Doch wenn etwas zu weit hinaus will, stellt sich wohl leicht Unbehagen ein. Dann begegnet man der Ambition zum Weltkino schon mal mit dem Rückzug ins innere Biedermeier oder zumindest der Flucht in alte Kinomythen. Wo die wahren Sehnsüchte schlummern, zeigt eine Hymne auf „Spiegel Online“, die eine „neue Lässigkeit“ bei der Preisverleihung ausmachte. Nicht wegen der Gala, sondern weil beim Auftritt der „Oh-Boy“-Protagonisten mit schmalen Schlipsen „Nouvelle-Vague-Atmo“ aufkam. Und noch deutlicher der nicht enden wollende Applaus für Werner Herzog, den 70jährigen Autorenfilmer, dem die „Ehren-Lola“ für sein Lebenswerk verliehen wurde. Da lebte er wieder auf, der romantische Mythos von der Filmkunst, zu dem man auch gerne Gersters lustig-kokette Dankesrede beiträgt, sein Film sei irgendwie durch Vorsichhindenken, Amtresenhocken und endloses Kaffeetrinken vorsichhinentstanden.

Doch was das Schöne letztlich für eine Mühe ist, weil nur wenig Menschenwerk einfach nur so vorsichhinentsteht, interessiert offenbar keinen. So also sehen und verstehen Deutschlands führende Filmjournalisten die Filmarbeit. Die sie dann beurteilen.

 

1 Kommentar
  1. Manuel sagte:

    „Doch weil man in der allgemeinen Berichterstattung mit den erstgenannten Filmkünsten wenig anzufangen weiß und sich in der Regel lieber auf populäre Schauspieler stürzt, sind die ebenfalls fünf Einzelpreise für „Oh Boy“, nämlich Regie, Drehbuch, Musik, Haupt- und Nebendarsteller, natürlich attraktiver.“

    Das ist ein Widerspruch in sich: oh boy wurde nicht hauptsächlich für populäre Schauspieler ausgezeichnet, sondern, wie Sie richtig schreiben, auch für Regie, Drehbuch und Musik (und wer etwas gegen populäre Schauspieler hat, sollte wohl zum Dokumentarfilm wechseln).

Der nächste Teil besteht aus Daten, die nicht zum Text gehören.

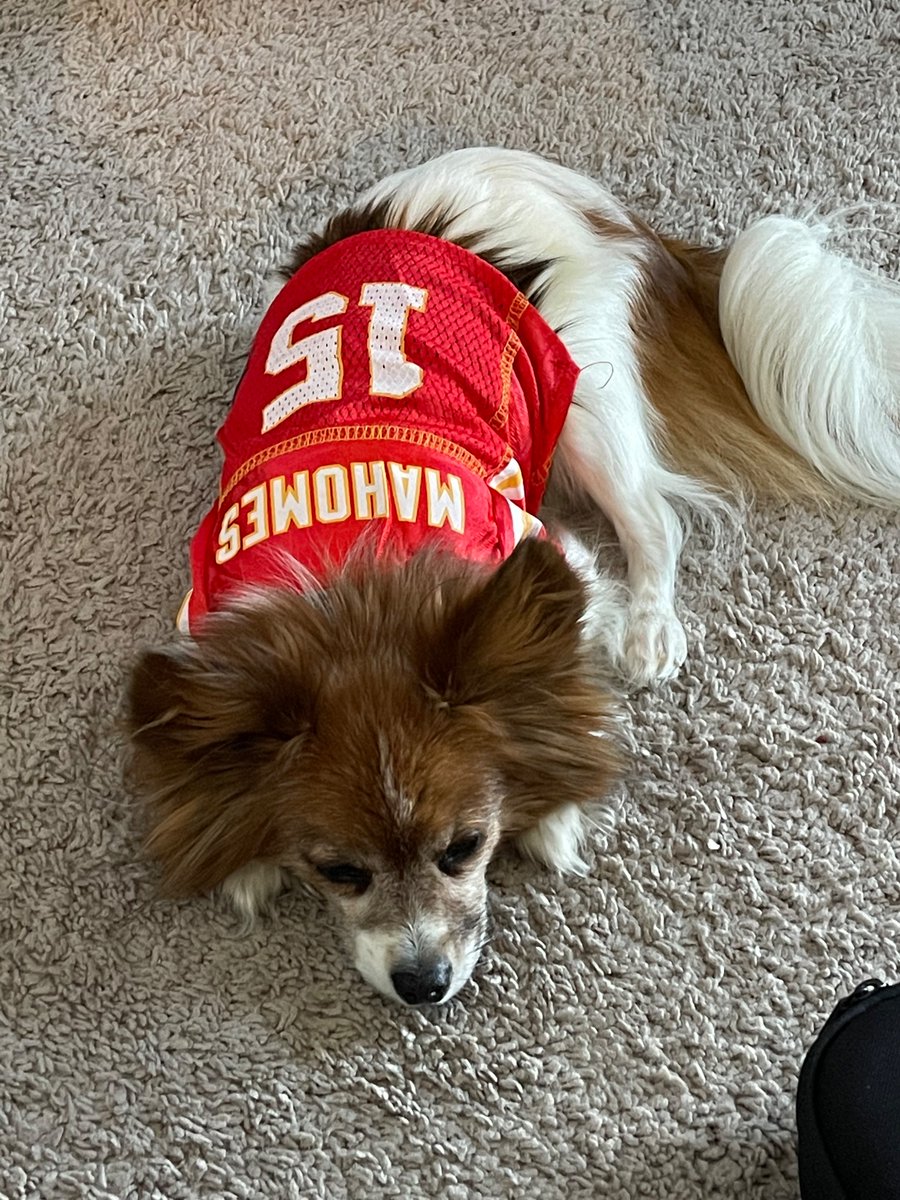 reversepunch's tweet photo. @GrunauerKC Gotta have a world class quarter-bark to win Championships. https://t.co/otWF0xdS96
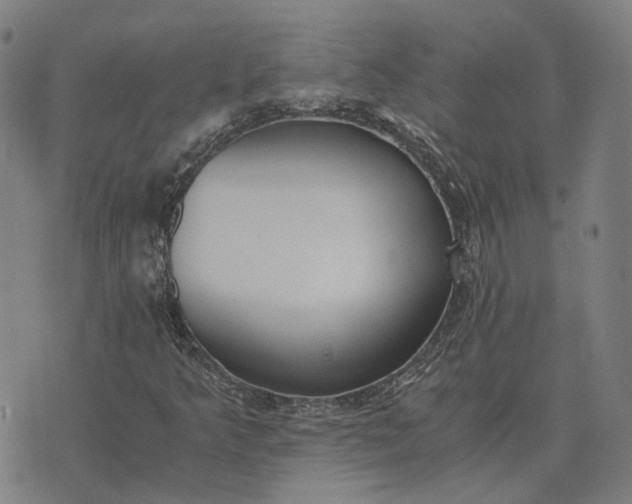 X0000076091349200610061631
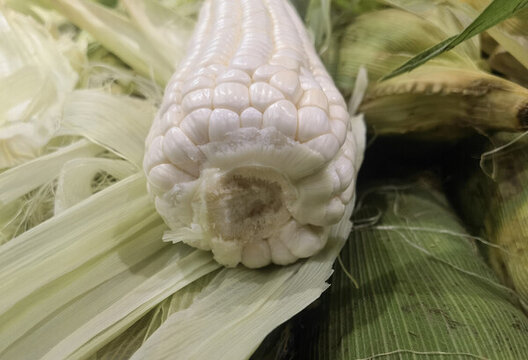 玉米棒子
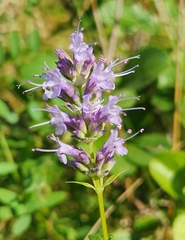Agastache foeniculum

    Außerdem hat Cloud Atlas ebenfalls versucht, in diesen Kategorien beim Publikum und den Juroren zu punkten. Nur leider haben weder eine Hollywood-Star-Besetzung, ein Star-Regisseur noch zwei weltbekannte Drehbuchschreiber es geschafft, die anderen Gewerbe wie Szenografie, Maske oder Kostüm in ein überzeugendes filmisches Gesamtpaket zu integrieren.

    Die Macher von Cloud Atlas wollten ganz großes schaffen – beim Publikum und den Kritikern kam der Film aber nicht an. Das ging schon vielen Filmen so. Das die Berichterstattung lieber einen durch und durch charismatischen Newcomer-Film feiert als ein besonderes, aber nicht besonders gutes, Babelsberg-Epos, ist meiner Meinung nach nicht verwerflich.